If $f, d$ are polynomials over a field $F$ and $d$ is different from $0$ then there exist polynomials $q, r$ in $F[x]$ such that (i) $f = dq + r$. (ii) either $r=0$ or $\deg (r)\lt \deg (d)$.
Hoffman’s Proof: If $f$ is $0$ or $\deg (f)\lt \deg (d)$ we may take $q=0$ and $r=f$. In case $f\neq 0$ and $\deg (f) \geq \deg (d)$, the preceding lemma shows we may choose a polynomial $g$ such that $f-dg=0$ or $\deg (f - dg) \lt \deg (f)$. If $f - dg \neq 0$ and $\deg (f- dg) \geq \deg (d)$ we choose a polynomial $h$ such that $(f-dg)- dh=0$ or $\deg [f-d(g+h)]\lt \deg(f-dg)$. Continuing this process as long as necessary, we ultimately obtain polynomials $q,r$ such that $r=0$ or $\deg (r)\lt deg (d)$,and $f=dq+r$.

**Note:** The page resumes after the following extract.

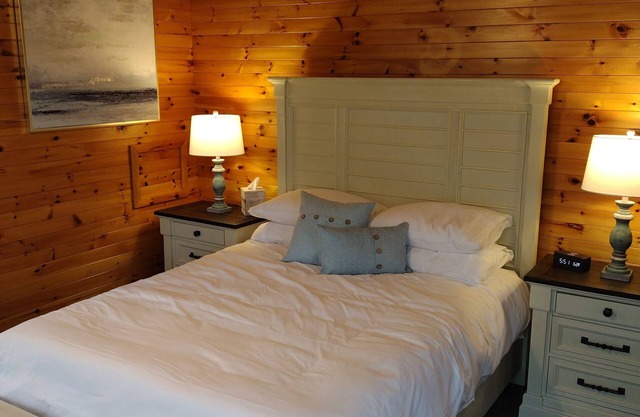Eastern Beacon Inn Room 3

Que: I don’t understand following step: If $f - dg \neq 0$ and $\deg (f- dg) \geq \deg (d)$ we choose a polynomial $h$ such that $(f-dg)- dh=0$ or $\deg [f-d(g+h)]\lt \deg(f-dg)$. Continuing this process as long as necessary, we ultimately obtain polynomials $q,r$ such that $r=0$ or $\deg (r)\lt \deg (d)$,and $f=dq+r$.
In this video (time stamp 13:32) professor uses induction explicitly. Inductive hypothesis is suppose theorem holds for polynomial with degree $\lt n$. Que: I think, it is not the “usual” inductive hypothesis, i.e suppose $P(n-1)$ is true, for some $n$. I know there are different variation of mathematical induction. How to rigioursly proof present case of induction is correct?
Edit: I found this amazing lecture on division algorithm for polynomial. The induction I was looking for is strong induction.